Their daughter Grace is a sophomore at Arlington High School and their son Mason is in the 4th grade at Duff Elementary. Both of those schools are in Arlington ISD, which won't start classes in-person until at least late September.
But mom and dad work at UT Arlington. Seth is the senior director of involvement and engagement in student affairs. Kerri is the director of organizational excellence at the UTA Libraries. So, they decided for a bit of excellent organizing at home.
"There was maybe a little bit of eye-rolling," Seth joked of their kids' reaction to their decision.
They decided their online learning environment needed a name. They chose to call it the Ressl Online Learning Academy.
They needed a mascot. They chose the alliterative name of the Ressl Raptors. The kids helped design their own school-spirit t-shirts, complete with a Raptor silhouette. And they even posed for a front yard photo, each of them holding up their school hand sign: a claw that looks a bit like a TCU horned frog.

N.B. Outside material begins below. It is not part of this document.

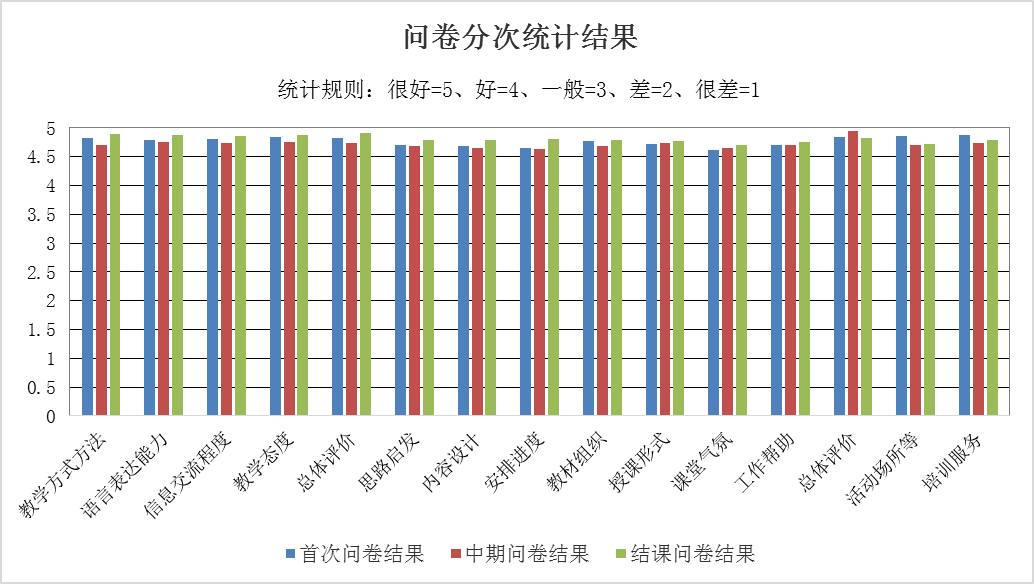 江门培训 问卷结果 1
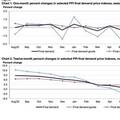 สหรัฐเผยดัชนี PPI +1.6% เดือนส.ค. สูงกว่าคาดการณ์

"We wanted to provide just some fun. Bring some levity to the situation," Kerri said in a Tuesday Zoom interview. "What a way to take a tough situation at its face value and try to just put some fun things around it."
Both students have their own dedicated workspace at home, and are learning with an expectation that that school is supposed to be fun, whether you're in class or in your own bedroom.

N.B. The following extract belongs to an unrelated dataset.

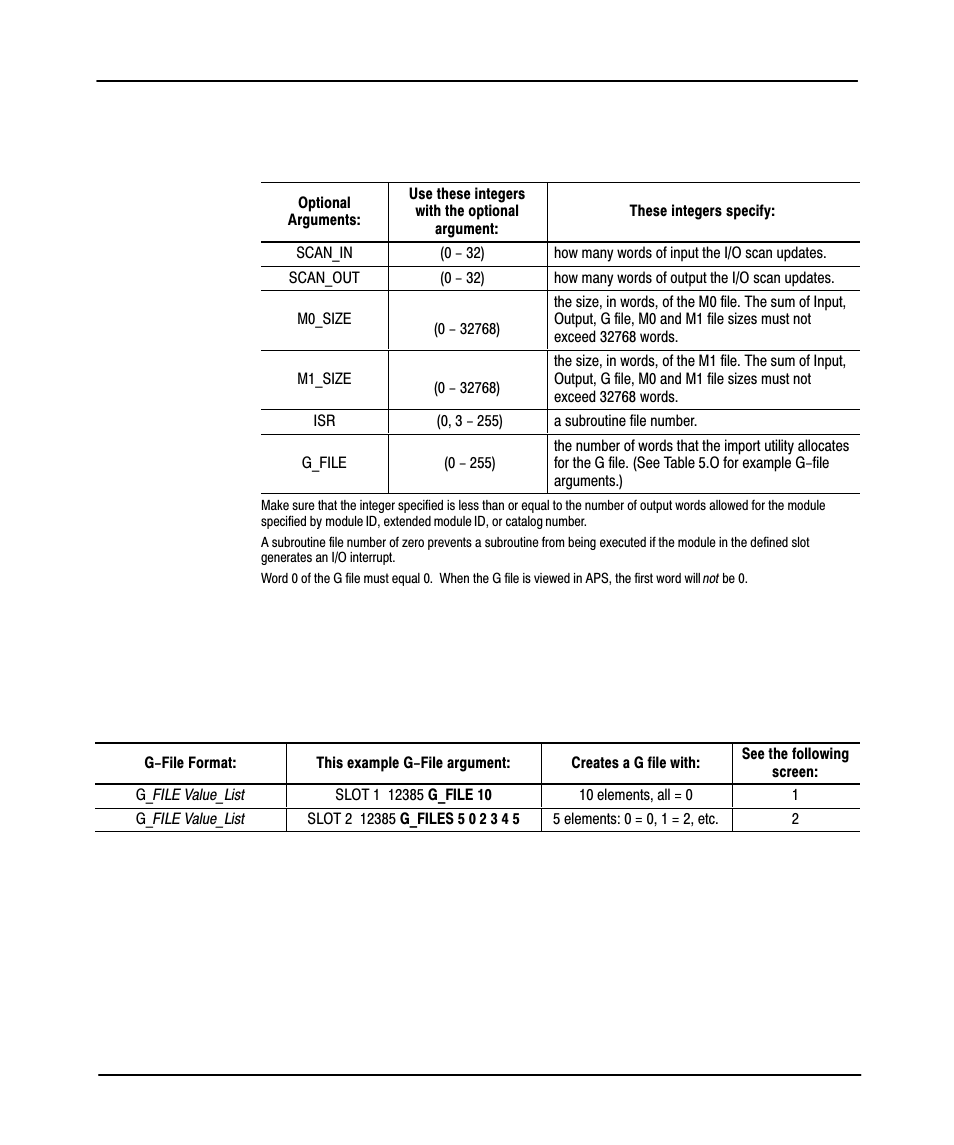 Preface | Rockwell Automation 9323-PA2E APS SLC 500 Import/Export Utility User Manual User Manual | Page 51 / 110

"This is a challenging time in a challenging environment in a very different space and we've got to do what we can to make it engaging and fun and enjoyable as possible," Seth said.

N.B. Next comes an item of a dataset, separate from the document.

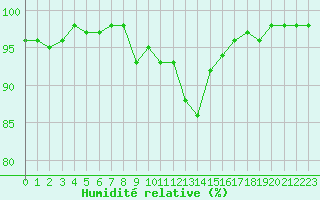 Courbe de l'humidit relative pour Poitiers (86)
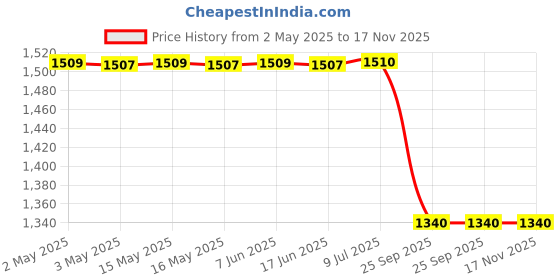 moglix.com Autokoi KgF8025 Suspension Ball Joint for Chevrolet Aveo (Set of 2) autokoi Price History Graph from 2 May 2025 to 17 Nov 2025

But, in our Tuesday morning conversation, there were two people missing from the Zoom call.
Grace and Mason weren't available. They were on day two of their online classes. Schoolwork took precedence.
"They're both currently on Zoom calls doing some classwork," Seth said.
"We're not gonna lie. There's going to be challenging days. There's gonna be tears, probably with them and us," Kerri Ressl said with a laugh. "But we are prepared for that and we just know that every day is a new day."